# ETL Github exercise

Let's workout a simple ETL-like pipeline. The goal here is to exercise some Python coding as well as get some intrinsic decision-making on transforming, naming, storing data.

The exercise:

> To query for the 100 most starred Python-based repositories created this year, and create (related) tables to represented the (JSON) information.
>
> Important steps:
> - save the respective JSON content in individual files in their own directories.
> - Download the corresponding readme files, and create an index (of words) relating the most overall frequent words to the repositories.

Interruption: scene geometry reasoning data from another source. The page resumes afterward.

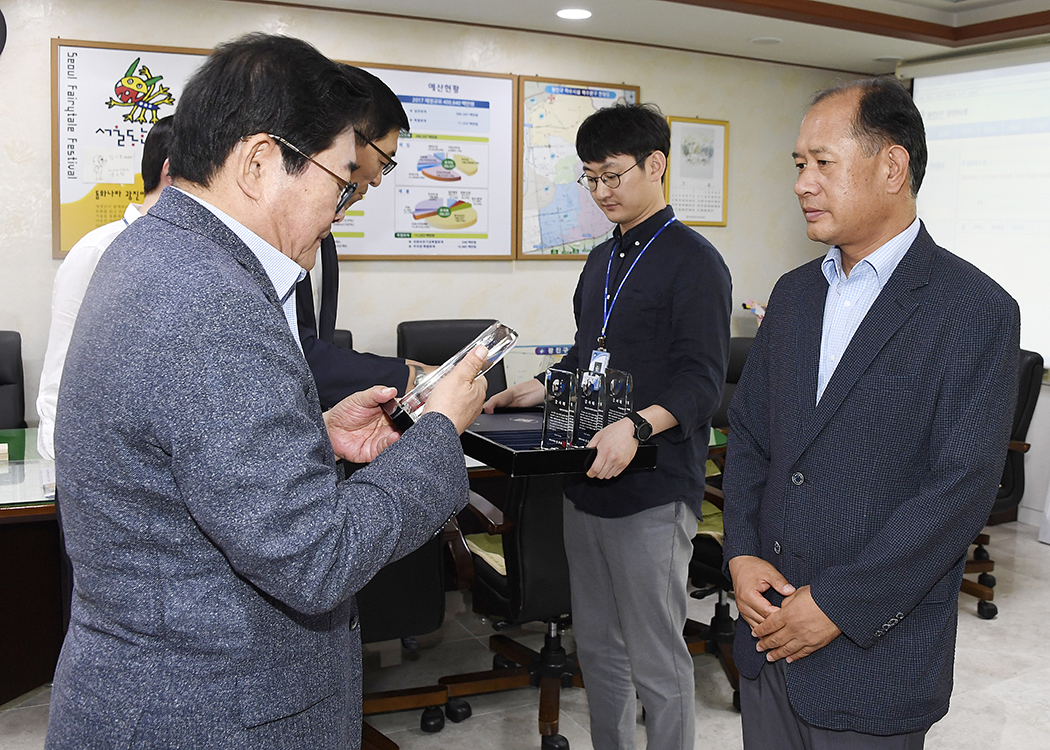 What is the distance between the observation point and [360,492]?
1.06 meters

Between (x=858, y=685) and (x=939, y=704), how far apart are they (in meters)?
0.15

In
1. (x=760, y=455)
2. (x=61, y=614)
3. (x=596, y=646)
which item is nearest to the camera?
(x=760, y=455)

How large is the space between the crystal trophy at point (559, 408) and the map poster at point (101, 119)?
2.99 metres

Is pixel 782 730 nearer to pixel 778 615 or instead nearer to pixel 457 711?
pixel 778 615

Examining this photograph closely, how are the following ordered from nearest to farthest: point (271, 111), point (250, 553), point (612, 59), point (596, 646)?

Since we are not interesting in Github's API features, here is the URL to query for such information:

```
https://api.github.com/search/repositories?q=created:>2023-01-01+language:python&sort=stars&order=desc&per_page=100
```

> See below for [an example of such query results](#Example-query-result)

The response is composed by some top-level attributes (`total_count`, `incomplete_results`) that are not of our interest here. The contents of `items` is what we want: those are the repositories' metadata we queried for.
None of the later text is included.